*** Opening of Exercise data ***

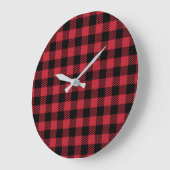 Gemütlicher roter Büffel-Karo im Winter Große Wanduhr (Winkel)
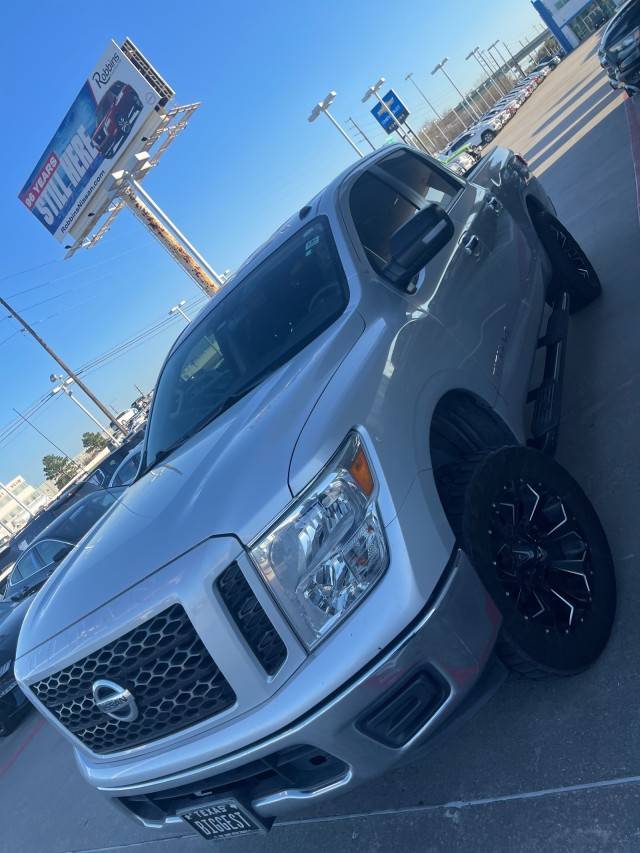 2019 Nissan Titan SV — Pickup Truck — 108,500 mi — Humble, TX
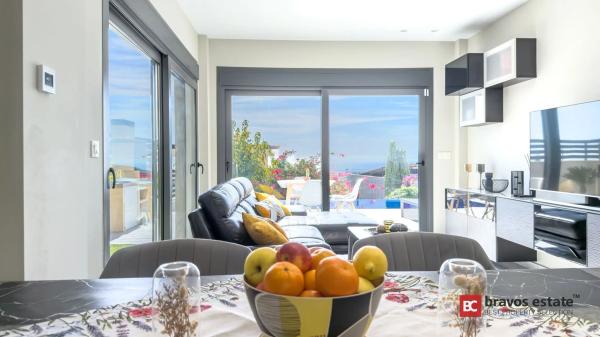 Chalet wolnostojący na sprzedaż w  Calle Toledo, Finestrat photo 1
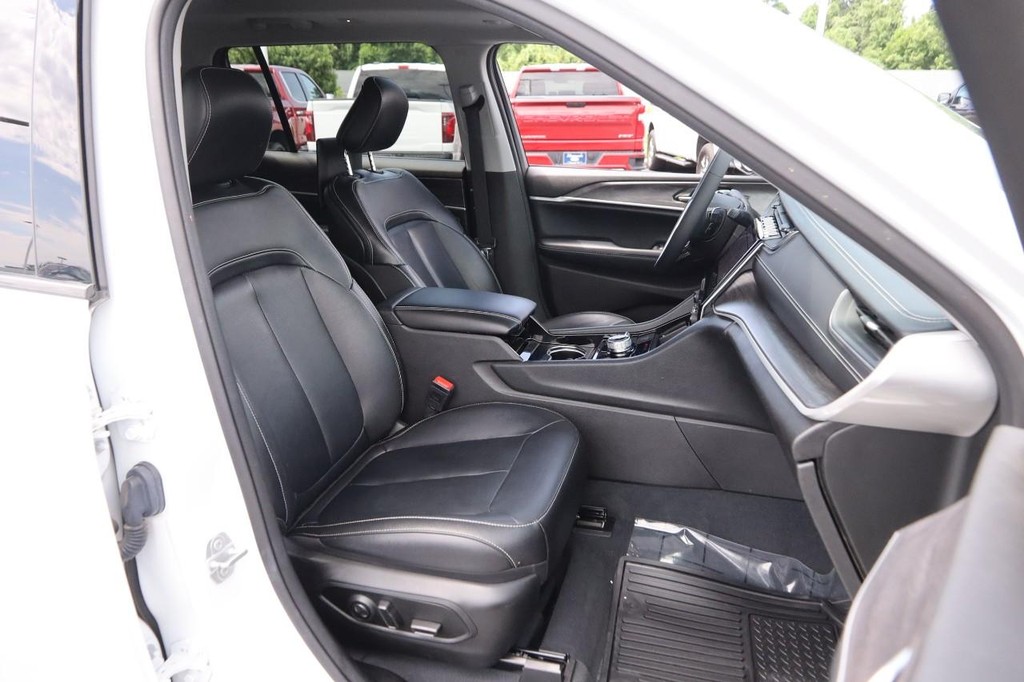 Jeep Grand Cherokee L Vehicle Image 30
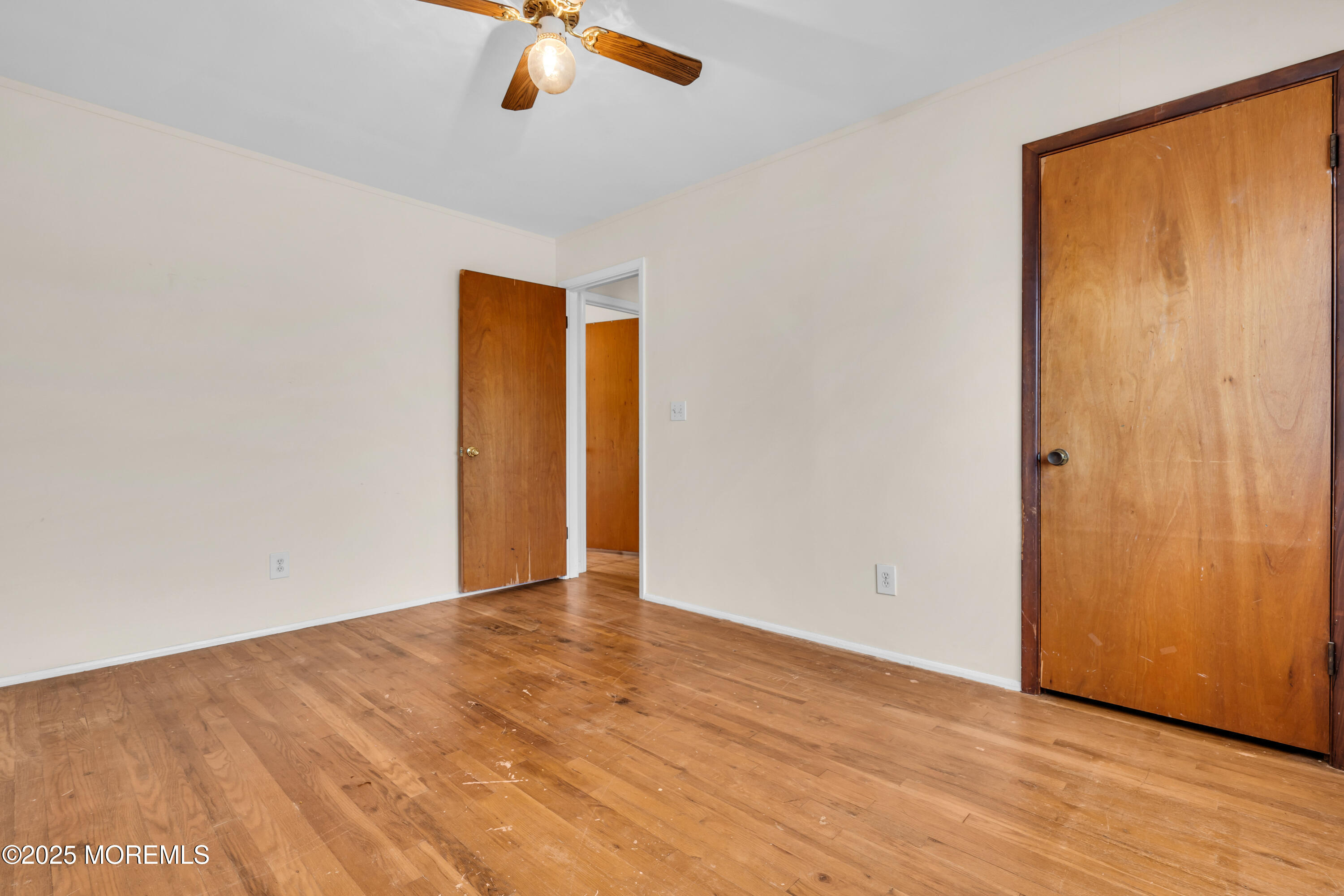 220 Montclair Road S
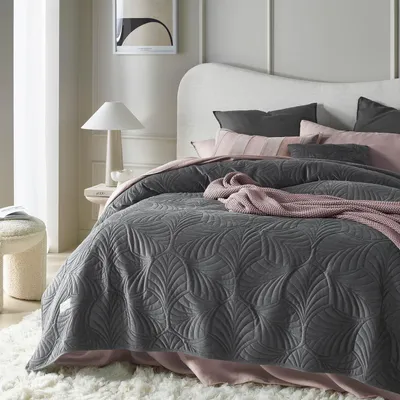 Produktbild von ROOM99 Feel Elegante Tagesdecke in Dunkelgrau 200 x 220 cm Vielseitige Wohndecke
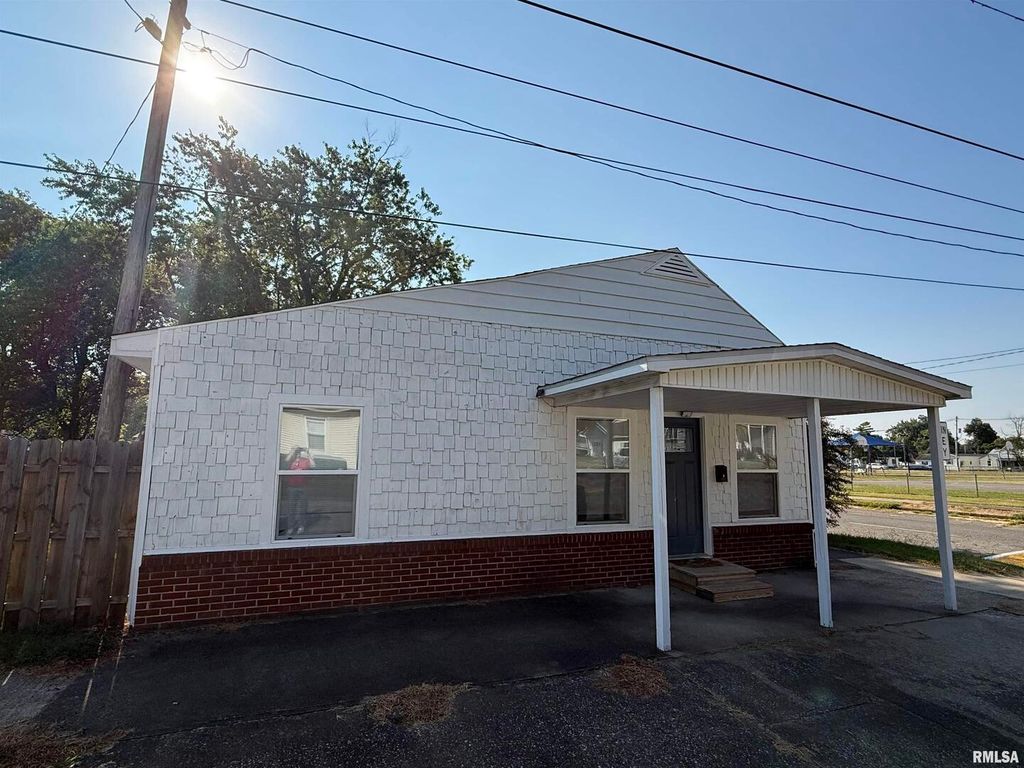 1100 CATHERINE Street, Metropolis, IL 62960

*** Close of Exercise data ***

Every record must be transcribed faithfully, with no picture carried over.

 Gemütlicher roter Büffel-Karo im Winter Große Wanduhr (Winkel)
 2019 Nissan Titan SV — Pickup Truck — 108,500 mi — Humble, TX
 Chalet wolnostojący na sprzedaż w  Calle Toledo, Finestrat photo 1
 Jeep Grand Cherokee L Vehicle Image 30
 220 Montclair Road S
 Produktbild von ROOM99 Feel Elegante Tagesdecke in Dunkelgrau 200 x 220 cm Vielseitige Wohndecke
 1100 CATHERINE Street, Metropolis, IL 62960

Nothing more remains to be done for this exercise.